In the final analysis, upstream problems such as poor liquidity of NFT and difficulty in valuation and pricing of NFT have not been well solved, which restricts the development of downstream NFTFi products and fails to unleash the potential of NFT long-tail assets.

Conclusion

Focusing on DeFi, NFT, and even the entire crypto space, constant financial innovation is pushing the market to higher levels. The improvement of composability between products in different segments will further stimulate market innovation. NFT-specific derivatives will provide the market with more trading strategies, and the nascent NFT market will gain more depth, just like options and futures. Contracts play an important role in mature financial markets.
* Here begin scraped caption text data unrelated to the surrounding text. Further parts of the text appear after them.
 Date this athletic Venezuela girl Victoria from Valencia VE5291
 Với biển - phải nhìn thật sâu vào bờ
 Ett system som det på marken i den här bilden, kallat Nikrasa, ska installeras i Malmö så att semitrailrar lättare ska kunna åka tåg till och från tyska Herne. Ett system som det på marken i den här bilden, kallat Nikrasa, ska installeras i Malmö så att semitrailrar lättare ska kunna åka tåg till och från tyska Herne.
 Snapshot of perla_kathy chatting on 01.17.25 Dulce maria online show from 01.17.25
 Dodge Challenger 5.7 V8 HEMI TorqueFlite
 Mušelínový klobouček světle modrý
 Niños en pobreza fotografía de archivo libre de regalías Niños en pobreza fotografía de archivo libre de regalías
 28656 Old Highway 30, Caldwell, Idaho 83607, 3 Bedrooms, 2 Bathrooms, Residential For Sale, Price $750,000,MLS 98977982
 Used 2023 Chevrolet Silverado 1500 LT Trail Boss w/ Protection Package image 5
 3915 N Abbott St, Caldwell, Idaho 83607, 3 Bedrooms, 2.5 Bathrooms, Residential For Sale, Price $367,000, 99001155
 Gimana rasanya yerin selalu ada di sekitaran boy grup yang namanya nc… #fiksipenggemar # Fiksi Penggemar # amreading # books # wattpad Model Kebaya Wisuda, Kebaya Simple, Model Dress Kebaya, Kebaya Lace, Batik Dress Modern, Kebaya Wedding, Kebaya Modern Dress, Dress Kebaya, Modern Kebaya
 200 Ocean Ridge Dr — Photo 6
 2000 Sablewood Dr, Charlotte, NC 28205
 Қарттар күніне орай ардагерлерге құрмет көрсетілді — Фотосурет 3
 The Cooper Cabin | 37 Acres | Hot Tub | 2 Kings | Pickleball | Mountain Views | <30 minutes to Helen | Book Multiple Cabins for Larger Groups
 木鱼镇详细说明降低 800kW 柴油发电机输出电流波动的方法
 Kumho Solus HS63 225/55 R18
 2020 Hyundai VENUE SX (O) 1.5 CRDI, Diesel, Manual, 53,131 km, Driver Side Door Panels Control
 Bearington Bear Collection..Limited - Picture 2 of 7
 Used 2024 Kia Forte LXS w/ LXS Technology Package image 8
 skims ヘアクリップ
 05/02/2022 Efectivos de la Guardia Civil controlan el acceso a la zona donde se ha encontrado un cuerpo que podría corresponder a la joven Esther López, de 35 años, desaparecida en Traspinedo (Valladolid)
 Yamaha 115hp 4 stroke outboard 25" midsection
As the NFT infrastructure becomes more and more complete, I believe that the upper-level NFT financialization process will continue to accelerate. NFT will be more than a small picture. It will become an important part of the encryption field and even the financial world together with NFTFi.

(The above content is excerpted and reprinted with the authorization of partner MarsBit, original text link | Source: Rhythm BlockBeats)

Statement: The article only represents the author's personal views and opinions, and does not represent the objective views and positions of the blockchain. All contents and opinions are for reference only and do not constitute investment advice. Investors should make their own decisions and transactions, and the author and Blockchain Client will not be held responsible for any direct or indirect losses caused by investors' transactions.

This article Can you increase leverage to short NFT? Taking stock of the NFT perpetual contract track from nftperp first appeared on Blockchain.